I actually need the pqr, I made a rotation for blackrock realm that joins automatically soloque and leaves the que after 20/40 seconds then join again, just to avoid being matched with people with lower rating than me, I want to stay in +100 - 100 range. And I got banned 10minutes for that. I mean as holy paladin what could I script? I think this is stupid, they should ban based on the type of script. Like auto-kicks, or warrior's Overpower on cast. Not my f. script that joins and leaves the que because the mmr matching is so f.ed up that I need to leave que every 20 secs.

EDIT: Is any other way to make my script work without getting banned? It basically uses TargetUnit, InteractUnit, RunMacro and then AcceptBattlefieldQue (1 or 0 depends), i think these are the protected ones, I can't be banned for this stupid shit, really, and I cant stay at pc every 20/40 seconds to remove que and rejoin, unless they change the matchmaking system I need something like this that automatize the process. I could use an autoclicker but it's not the same thing, with the lua I was able to set the range (like under 2k rating = 20 sec max in que, over 2k rating = max 40 sec que and so on..)

----------


## bynike

> I actually need the pqr, I made a rotation for blackrock realm that joins automatically soloque and leaves the que after 20/40 seconds then join again, just to avoid being matched with people with lower rating than me, I want to stay in +100 - 100 range. And I got banned 10minutes for that. I mean as holy paladin what could I script? I think this is stupid, they should ban based on the type of script. Like auto-kicks, or warrior's Overpower on cast. Not my f. script that joins and leaves the que because the mmr matching is so f.ed up that I need to leave que every 20 secs.
> 
> EDIT: Is any other way to make my script work without getting banned? It basically uses TargetUnit, InteractUnit, RunMacro and then AcceptBattlefieldQue (1 or 0 depends), i think these are the protected ones, I can't be banned for this stupid shit, really, and I cant stay at pc every 20/40 seconds to remove que and rejoin, unless they change the matchmaking system I need something like this that automatize the process. I could use an autoclicker but it's not the same thing, with the lua I was able to set the range (like under 2k rating = 20 sec max in que, over 2k rating = max 40 sec que and so on..)
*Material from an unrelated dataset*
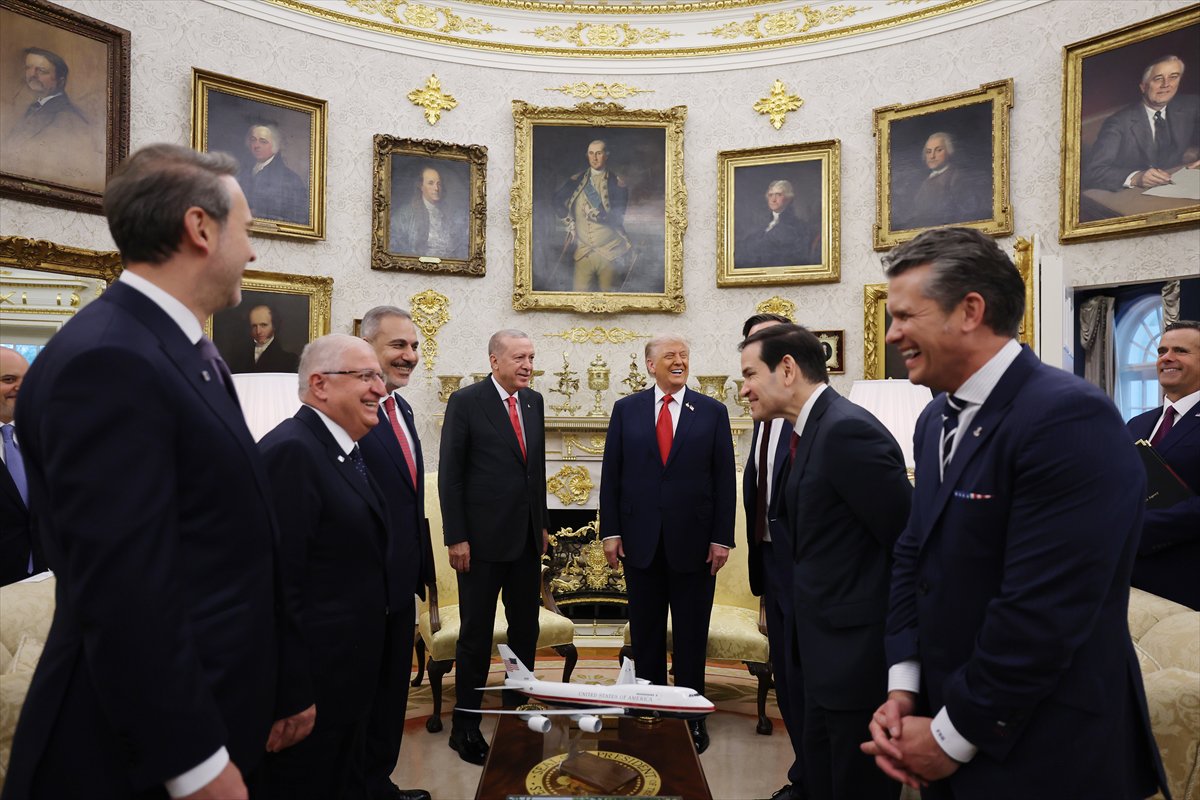 Cumhurbaşkanı Erdoğan ile ABD Başkanı Trump'ın görüşmesinden tarihi kareler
ofc u got banned, RunMacro can do cast spell is just OP.

----------


## Umbar

> I actually need the pqr, I made a rotation for blackrock realm that joins automatically soloque and leaves the que after 20/40 seconds then join again, just to avoid being matched with people with lower rating than me, I want to stay in +100 - 100 range. And I got banned 10minutes for that. I mean as holy paladin what could I script? I think this is stupid, they should ban based on the type of script. Like auto-kicks, or warrior's Overpower on cast. Not my f. script that joins and leaves the que because the mmr matching is so f.ed up that I need to leave que every 20 secs.
> 
> EDIT: Is any other way to make my script work without getting banned? It basically uses TargetUnit, InteractUnit, RunMacro and then AcceptBattlefieldQue (1 or 0 depends), i think these are the protected ones, I can't be banned for this stupid shit, really, and I cant stay at pc every 20/40 seconds to remove que and rejoin, unless they change the matchmaking system I need something like this that automatize the process. I could use an autoclicker but it's not the same thing, with the lua I was able to set the range (like under 2k rating = 20 sec max in que, over 2k rating = max 40 sec que and so on..)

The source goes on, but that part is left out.